Surprisingly enough, some people actually think that the law matters more than making people feel good about themselves.
5.21.2008 5:33pm
Eugene Volokh (www):
Jamaica Bay: I'm not sure I grasp your question. The Court, including some of its old Christian males, has shown itself to be open to some gay-rights arguments -- see Romer v. Evans and Lawrence v. Texas. I do strongly suspect that they will defer to Congress on military judgments such as these ones, but I don't think that's a matter of "punish[ing]" "gays" (a phrase that best fits Lawrence v. Texas, which came out on the pro-gay-rights side).
5.21.2008 5:37pm
jvarisco (mail) (www):
4. It's the ninth circuit. Why does there need to be a split?
5.21.2008 5:40pm
Jamaica Bay:
Aren't those old Christian males reading minds of poeple dead for some two hundred years? And not they do find things that don't exist? Such as stealing land on behalf of private crook Pfizer in Kalo?

They "adjusted" Contitution in so numerous cases that it is obscene now. It is not rule of law that matters to them. It is their very personal agenda of old White Christian males. See liar Scalia' opinion in Baez lying that he has no position on death penalty. He was promoting it during oral.

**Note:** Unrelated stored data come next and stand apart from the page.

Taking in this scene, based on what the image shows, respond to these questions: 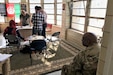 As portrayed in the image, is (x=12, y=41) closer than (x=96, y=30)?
Yes

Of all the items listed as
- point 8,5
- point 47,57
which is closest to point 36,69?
point 47,57

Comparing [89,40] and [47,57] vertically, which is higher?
[89,40]

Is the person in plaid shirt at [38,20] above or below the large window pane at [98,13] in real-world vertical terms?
below

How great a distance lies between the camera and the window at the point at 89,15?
3.84 m

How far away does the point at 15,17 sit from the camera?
7.73 metres

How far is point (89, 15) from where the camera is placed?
4301 mm

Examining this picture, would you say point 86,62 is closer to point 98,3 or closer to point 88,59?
point 88,59

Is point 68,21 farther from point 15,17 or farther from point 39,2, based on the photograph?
point 15,17

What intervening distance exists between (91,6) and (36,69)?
111 inches

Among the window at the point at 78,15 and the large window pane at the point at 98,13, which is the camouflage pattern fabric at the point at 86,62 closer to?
the large window pane at the point at 98,13

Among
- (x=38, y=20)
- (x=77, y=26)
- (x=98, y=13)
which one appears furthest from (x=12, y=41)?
(x=98, y=13)

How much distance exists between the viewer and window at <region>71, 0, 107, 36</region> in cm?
384

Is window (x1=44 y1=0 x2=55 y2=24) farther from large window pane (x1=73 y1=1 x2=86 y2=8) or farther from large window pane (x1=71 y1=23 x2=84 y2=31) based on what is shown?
large window pane (x1=73 y1=1 x2=86 y2=8)

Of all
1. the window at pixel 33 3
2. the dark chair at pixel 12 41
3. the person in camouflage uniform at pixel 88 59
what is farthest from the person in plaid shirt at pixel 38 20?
the window at pixel 33 3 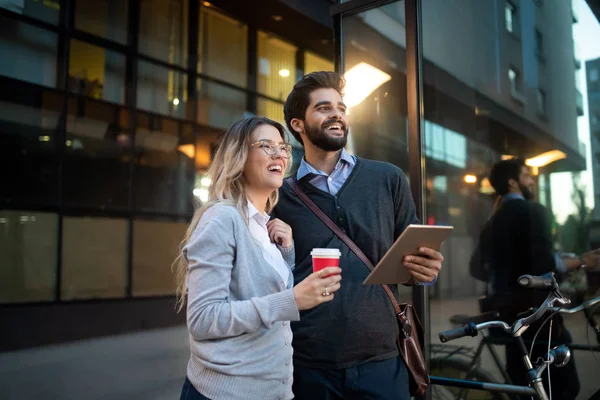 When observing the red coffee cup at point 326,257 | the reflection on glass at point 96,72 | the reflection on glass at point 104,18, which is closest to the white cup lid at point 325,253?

The fact of the matter is, that none of those old White Christian males would be allowed to serve as juror in cases they heard (suppose, they are not justices as prospective jurors). They are so biased, that a gay before them has exactly same chances as a Jew in Justice Freisler' courtroom in 1943. They will strech and bend laws to find rules that don't exist. As long as it advances their own personal agendas of old White Christian males.

Aren't we ready for, say Buddhist Justice with brown skin? Or better/worst: an atheist?
5.22.2008 7:53am
KWC (mail):
Clayton: "Surprisingly enough, some people actually think that the law matters more than making people feel good about themselves."

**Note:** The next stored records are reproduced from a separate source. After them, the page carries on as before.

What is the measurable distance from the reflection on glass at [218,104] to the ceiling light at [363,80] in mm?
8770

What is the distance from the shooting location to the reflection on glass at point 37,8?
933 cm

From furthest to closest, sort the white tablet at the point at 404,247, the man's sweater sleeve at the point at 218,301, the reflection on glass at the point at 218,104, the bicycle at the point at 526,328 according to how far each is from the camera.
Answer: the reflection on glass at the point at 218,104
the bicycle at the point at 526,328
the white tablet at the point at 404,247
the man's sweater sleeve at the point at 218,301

If only that were true! On your site you advocate boycotting Amazon because you don't agree with the books they sell (books they are LEGALLY permitted to sell). You want Amazon to get rid of all the books you disagree with to make you "feel better."

My favorite thing about anti-gay bigots is that they are always the ones found in bathroom stalls or in dodgy back alleyways cheating on their wives with male prostitutes. Meanwhile, healthy gays enter committed relationships like normal people.